Re: [PATCH v2 10/11] megaraid_sas: Use Block layer API to check SCSI device in-flight IO requests

Sumit Saxena <sumit.saxena@xxxxxxxxxxxx> · Tue, 3 Mar 2020 00:07:44 +0530



On Mon, Mar 2, 2020 at 3:21 PM John Garry <john.garry@xxxxxxxxxx> wrote:
>
>
> >> static inline void
> >> megasas_get_msix_index(struct megasas_instance *instance,
> >>                 struct scsi_cmnd *scmd,
> >>                 struct megasas_cmd_fusion *cmd,
> >>                 u8 data_arms)
> >> {
> >> ...
> >>
> >> sdev_busy = atomic_read(&hctx->nr_active);
> >>
> >> if (instance->perf_mode == MR_BALANCED_PERF_MODE &&
> >>      sdev_busy > (data_arms * MR_DEVICE_HIGH_IOPS_DEPTH))
> >>      cmd->request_desc->SCSIIO.MSIxIndex =
> >>              mega_mod64(...),
> >>      else if (instance->msix_load_balance)
> >>          cmd->request_desc->SCSIIO.MSIxIndex =
> >>              (mega_mod64(...),
> >>                  instance->msix_vectors));
> >>
> >> Will this make a difference?

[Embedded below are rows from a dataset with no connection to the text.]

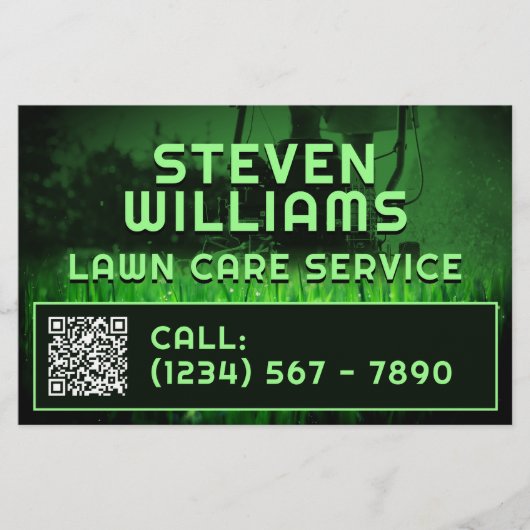 Rasenmähen Flyer (Vorne)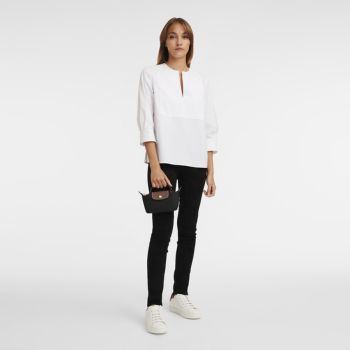 Túi Xách Longchamp Le Pliage Original Pouch With Handle 34175089001 Màu Đen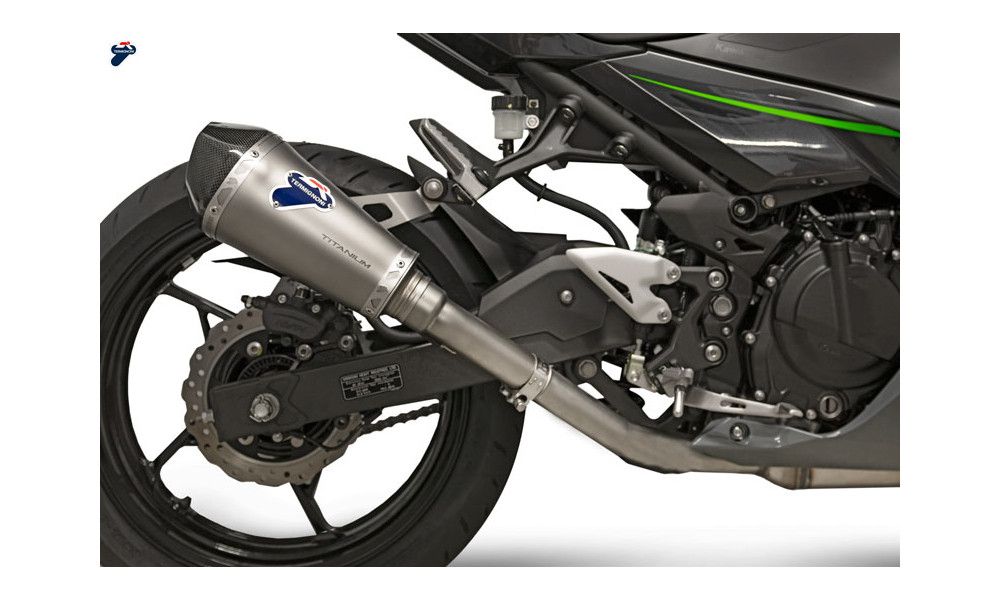 Silencieux Termignoni conique Relevance solo pour Kawasaki Ninja 400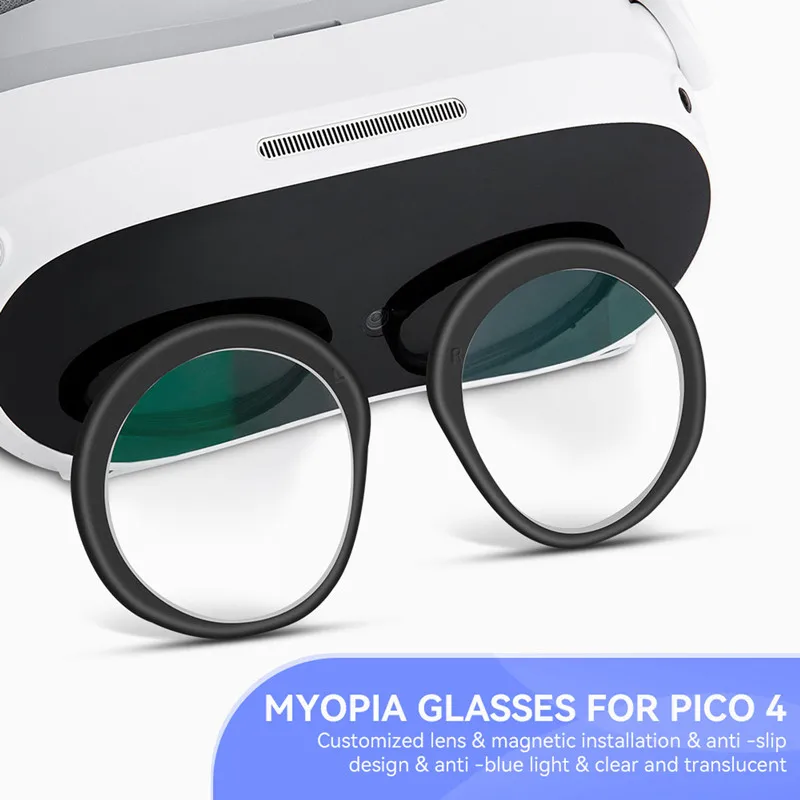 

For Pico 4 Myopia Lens Magnetic Eyeglass Anti Blue Light Glasses Quick Disassemble Protection Vr Prescription Lenses Accessories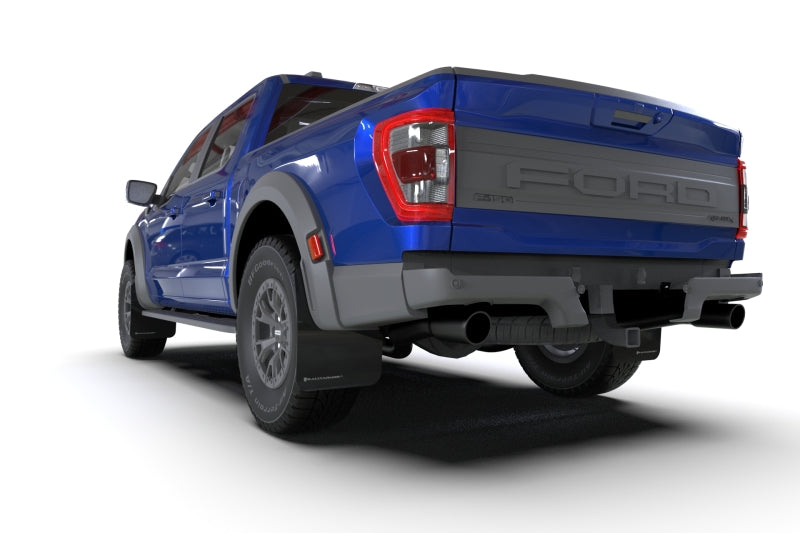 Rally Armor 21-23 Ford F-150 Raptor Black UR Mud Flap w/ Metallic Black Logo MF73-UR-BLK-MBK MF73-UR-BLK-MBK User 1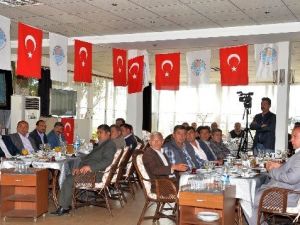 Anamurlu Muhtarların Sorunları Dinlendi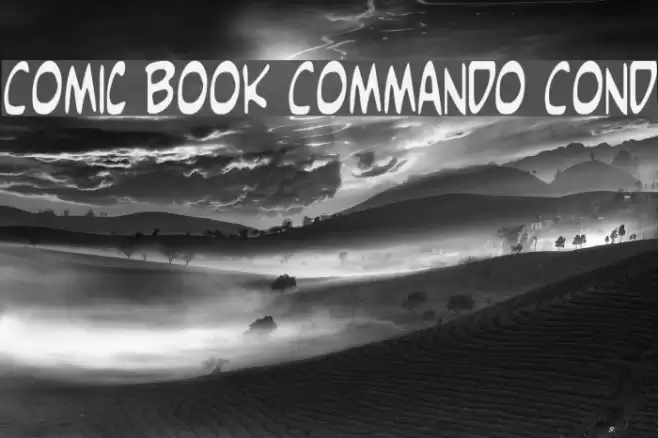 Comic Book Commando Cond Polices examples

I am not sure. Maybe, on this basis,
> >> magaraid sas is not a good candidate to change to expose multiple queues.
> >>
> >> Ignoring that for a moment, since we no longer keep a host busy count,
> >> and I figure that we don't want to back to using
> >> scsi_device.device_busy, is the judgement of hctx->nr_active ok to use
> >> to decide whether to use these performance queues?
> >>
> > Personally, I wonder if the current implementation of high-IOPs queues
> > makes sense with multiqueue. > Thing is, the current high-IOPs queue mechanism of shifting I/O to
> > another internal queue doesn't align nicely with the blk-mq architecture.
>
> Right, we should not be hiding HW queues from blk-mq like this. This
> breaks the symmetry. Maybe we can move this functionality to blk-mq, but
> I doubt that this is a common use case.
We added this concept of extra queues for megraid_sas latest gen of controllers
for performance reasons. Here is some background-
https://lore.kernel.org/lkml/20180829084618.GA24765@ming.t460p/t/
We worked with the community to have such interface for managed(for
low latency queues) and non-managed(High IOPs queues)
interrupts co-existence.

>
> > What we _do_ have, though, is a 'poll' queue mechanism, allowing to
> > separate out one (or several) queues for polling, to allow for ..
> > indeed, high-IOPs.
>
> Any examples or references for this?
>
> > So it would be interesting to figure out if we don't get similar
> > performance by using the 'poll' queue implementation from blk-mq instead
> > of the current one.
>
> I thought that this driver/or mpt3sas already used a polling mode.
>
> And for these low-latency queues, I figure that the issue is not just
> polling vs interrupt, but indeed how fast the HW queue can consume SQEs.
> A HW queue may only be able to consume at a limited rate - that's why we
> segregate.
Yes, there is no polling in any of HW queues. High IOPs queues have
interrupt coalescing enabled whereas
low latency queues does not have interrupt coalescing. megaraid_sas
driver would choose which set of queues
among these two has to be used depending on workload. For latency
oriented workload, driver would use low
latency queues and for IOPs profile, driver would use High IOPs queues.
>
> As an aside, that is actually an issue for blk-mq. For 1 to many HW
> queue-to-CPU mapping, limiting many CPUs a single queue can limit IOPs
> since HW queues can only consume at a limited rate.
We were able to achieve performance target for MegaRAID latest gen
controller with this model of few set
 of HW queues mapped to local numa CPUs and low latency queues has one
to one mapping to CPUs.
This is default behavior of queues segregation in megaraid_sas driver
to satisfy our IOPs and latency requirements altogether.
However we have given module parameter- "perf_mode" to tune queues
behavior. i.e turning on/off interrupt
coalescing on all HW queues where this one to many queues to CPU
mapping would not happen.

Thanks,
Sumit
>
> >
> > Which would also have the benefit that we could support the io_uring
> > interface natively with megaraid_sas, which I think would be a benefit
> > on its own.
> >
>
> thanks,
> John
>